▶ _WHAT YOU HAVE TO DO_
Pictures excluded, output the lines of the data below between the one holding "2023-Suzuki-Grand-Vitara-15-GLX-Hybrid-Allgrip-Auto_16" and the one holding "Novo Conjunto de", inclusive, exactly as they stand.

▶ _SUPPLIED ENTRIES_
============

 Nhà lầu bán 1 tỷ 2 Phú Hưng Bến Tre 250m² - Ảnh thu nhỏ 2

============

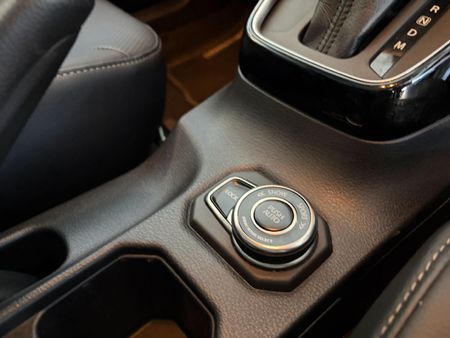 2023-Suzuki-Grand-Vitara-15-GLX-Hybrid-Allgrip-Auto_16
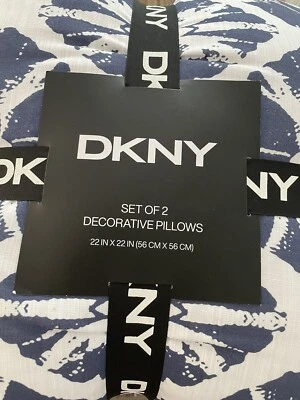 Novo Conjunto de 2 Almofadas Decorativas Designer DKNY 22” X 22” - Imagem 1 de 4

============

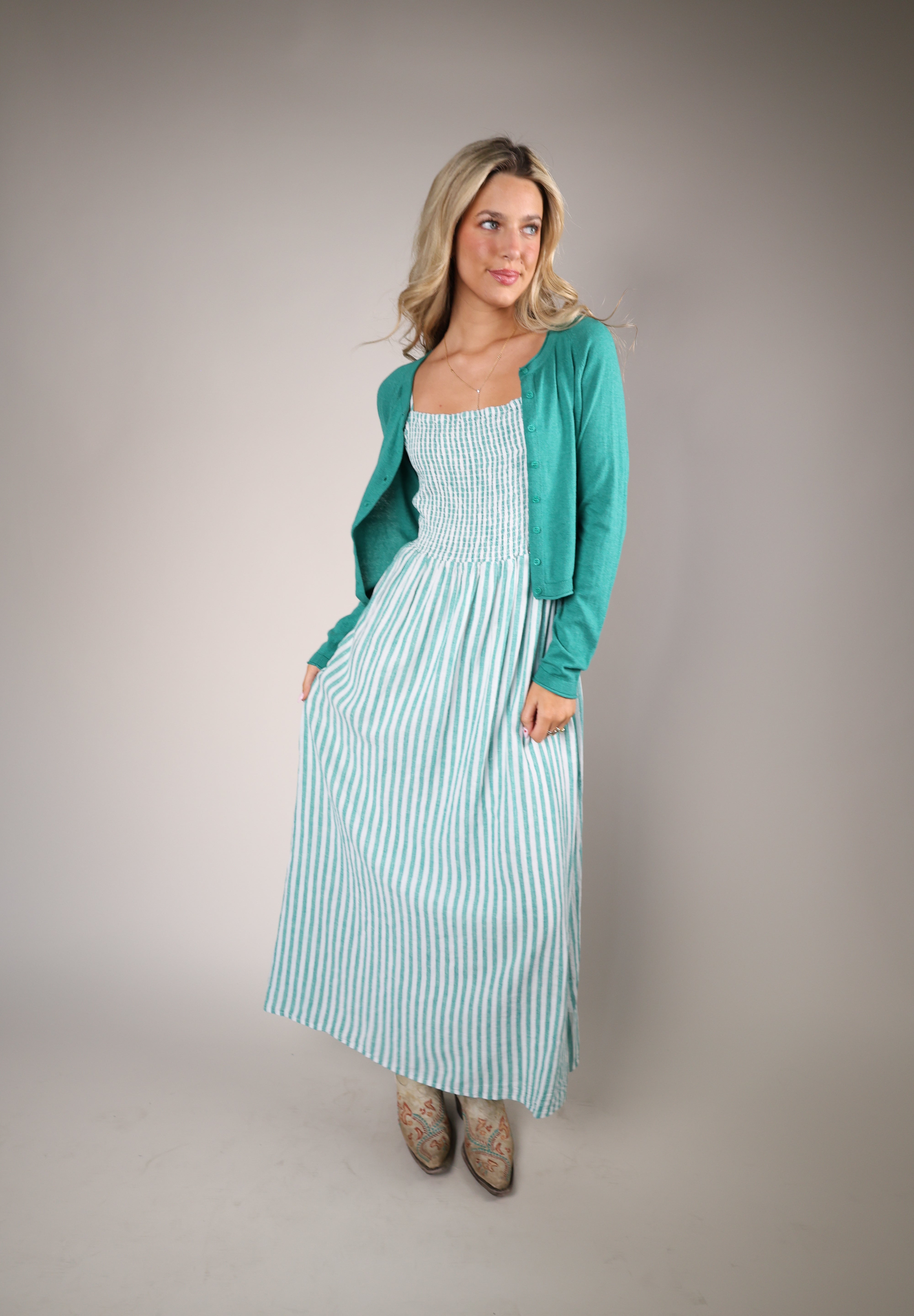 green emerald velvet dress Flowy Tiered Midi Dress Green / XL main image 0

============

▶ _THE COMPLETED TASK_
 2023-Suzuki-Grand-Vitara-15-GLX-Hybrid-Allgrip-Auto_16
 Novo Conjunto de 2 Almofadas Decorativas Designer DKNY 22” X 22” - Imagem 1 de 4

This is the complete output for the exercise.